2026-05-15 07:13:45.155306+00:00ERROR 05-15 07:13:45 [multiproc_executor.py:870] Traceback (most recent call last):
2026-05-15 07:13:45.155326+00:00ERROR 05-15 07:13:45 [multiproc_executor.py:870] File "/opt/venv/lib/python3.12/site-packages/vllm/v1/executor/multiproc_executor.py", line 837, in worker_main
2026-05-15 07:13:45.155337+00:00ERROR 05-15 07:13:45 [multiproc_executor.py:870] worker = WorkerProc(*args, **kwargs)
2026-05-15 07:13:45.155364+00:00ERROR 05-15 07:13:45 [multiproc_executor.py:870] ^^^^^^^^^^^^^^^^^^^^^^^^^^^
2026-05-15 07:13:45.155375+00:00ERROR 05-15 07:13:45 [multiproc_executor.py:870] File "/opt/venv/lib/python3.12/site-packages/vllm/tracing/otel.py", line 178, in sync_wrapper
2026-05-15 07:13:45.155387+00:00ERROR 05-15 07:13:45 [multiproc_executor.py:870] return func(*args, **kwargs)
2026-05-15 07:13:45.155406+00:00ERROR 05-15 07:13:45 [multiproc_executor.py:870] ^^^^^^^^^^^^^^^^^^^^^
2026-05-15 07:13:45.155418+00:00ERROR 05-15 07:13:45 [multiproc_executor.py:870] File "/opt/venv/lib/python3.12/site-packages/vllm/v1/executor/multiproc_executor.py", line 603, in __init__
2026-05-15 07:13:45.155429+00:00ERROR 05-15 07:13:45 [multiproc_executor.py:870] wrapper.init_worker(all_kwargs)
2026-05-15 07:13:45.155447+00:00ERROR 05-15 07:13:45 [multiproc_executor.py:870] File "/opt/venv/lib/python3.12/site-packages/vllm/tracing/otel.py", line 178, in sync_wrapper
2026-05-15 07:13:45.155457+00:00ERROR 05-15 07:13:45 [multiproc_executor.py:870] return func(*args, **kwargs)
2026-05-15 07:13:45.155468+00:00ERROR 05-15 07:13:45 [multiproc_executor.py:870] ^^^^^^^^^^^^^^^^^^^^^
2026-05-15 07:13:45.155485+00:00ERROR 05-15 07:13:45 [multiproc_executor.py:870] File "/opt/venv/lib/python3.12/site-packages/vllm/v1/worker/worker_base.py", line 305, in init_worker
2026-05-15 07:13:45.155497+00:00ERROR 05-15 07:13:45 [multiproc_executor.py:870] self.worker = worker_class(**kwargs)
2026-05-15 07:13:45.155505+00:00ERROR 05-15 07:13:45 [multiproc_executor.py:870] ^^^^^^^^^^^^^^^^^^^^^^
2026-05-15 07:13:45.155519+00:00ERROR 05-15 07:13:45 [multiproc_executor.py:870] File "/opt/venv/lib/python3.12/site-packages/vllm/v1/worker/cpu_worker.py", line 67, in __init__
2026-05-15 07:13:45.155527+00:00ERROR 05-15 07:13:45 [multiproc_executor.py:870] raise ValueError(
2026-05-15 07:13:45.155535+00:00ERROR 05-15 07:13:45 [multiproc_executor.py:870] ValueError: Available memory on node 0 (10.42/30.73 GiB) on startup is less than desired CPU memory utilization (0.92, 28.27 GiB).

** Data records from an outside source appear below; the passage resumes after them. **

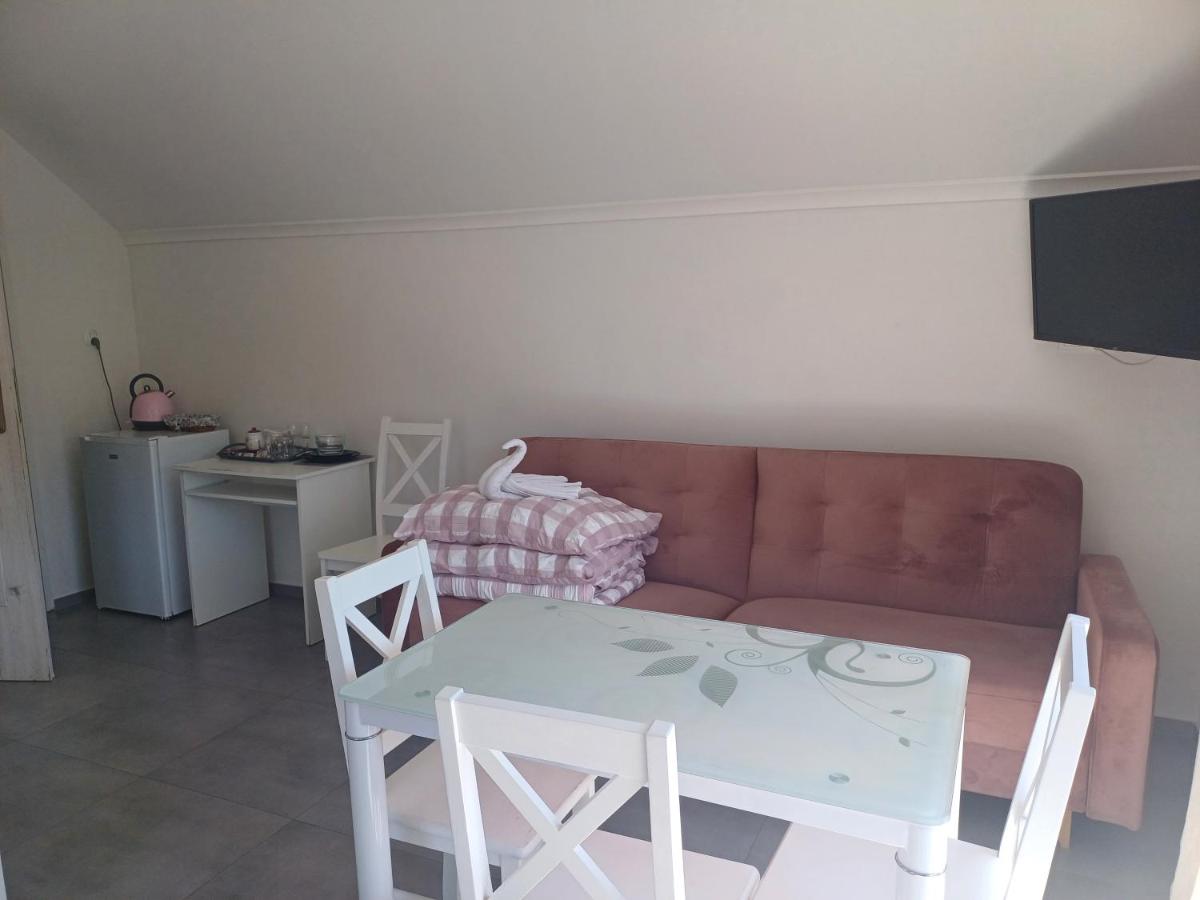 Gościniec Solan - Housity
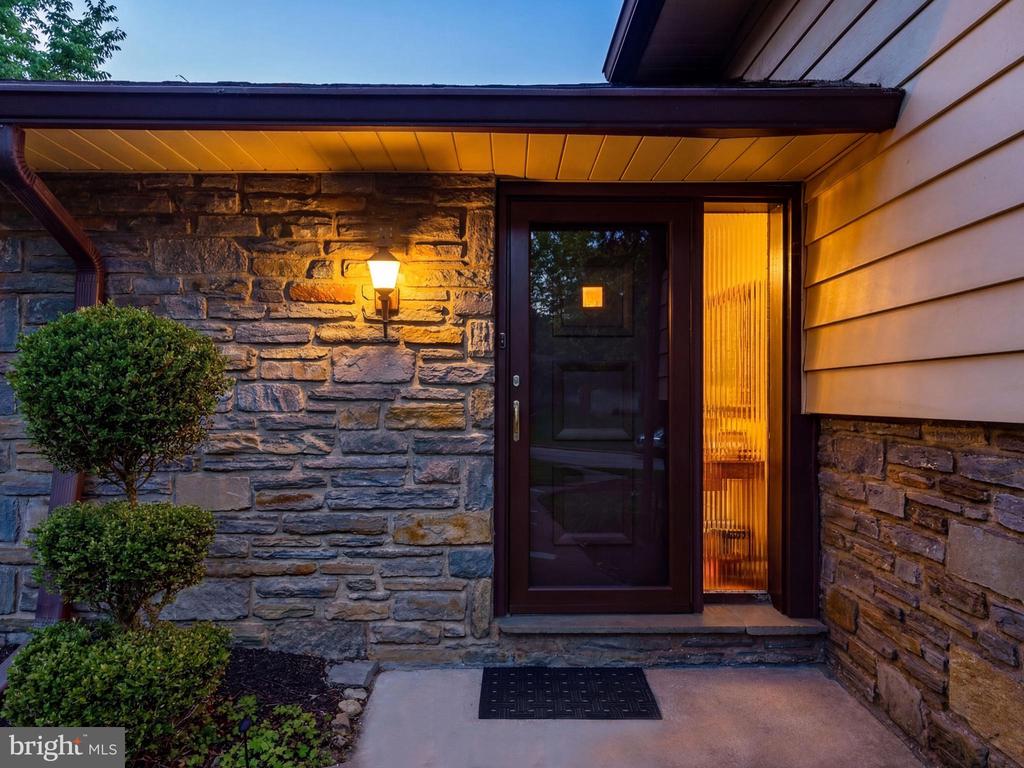 259 TOMKENN ROAD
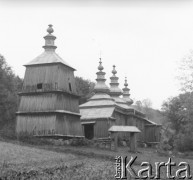 Lata 50., Rzepedź, Bieszczady, Polska.
Drewniana cerkiew pw. św. Mikołaja. Została wzniesiona w 1824 r., odnowiona i przebudowana w 1896 r. W roku 1947 cerkiew przekazano w użytkowanie rzymskokatolickiej parafii w pobliskiej Komańczy. W latach 50 i 60 była użytkowana sporadycznie - jako kaplica pogrzebowa.
Fot. Jerzy Konrad Maciejewski, zbiory Ośrodka KARTA.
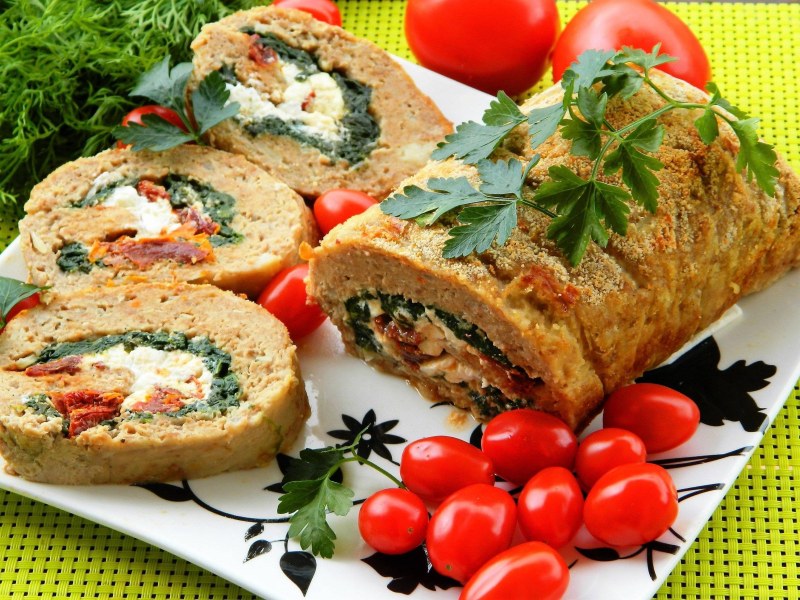 Фаршированный мясной рулет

Decrease --gpu-memory-utilization or reduce CPU memory used by other processes.
2026-05-15 07:13:46.358796+00:00(EngineCore pid=140) ERROR 05-15 07:13:46 [core.py:1136] EngineCore failed to start.
From what I understand this looks to me as if the vLLM CPU image wants to allocate 92% of my total memory, instead of 92% of the 8 GB of the container memory.
Can I override this setting with an environment varialbe? Maybe someone can share a working setup.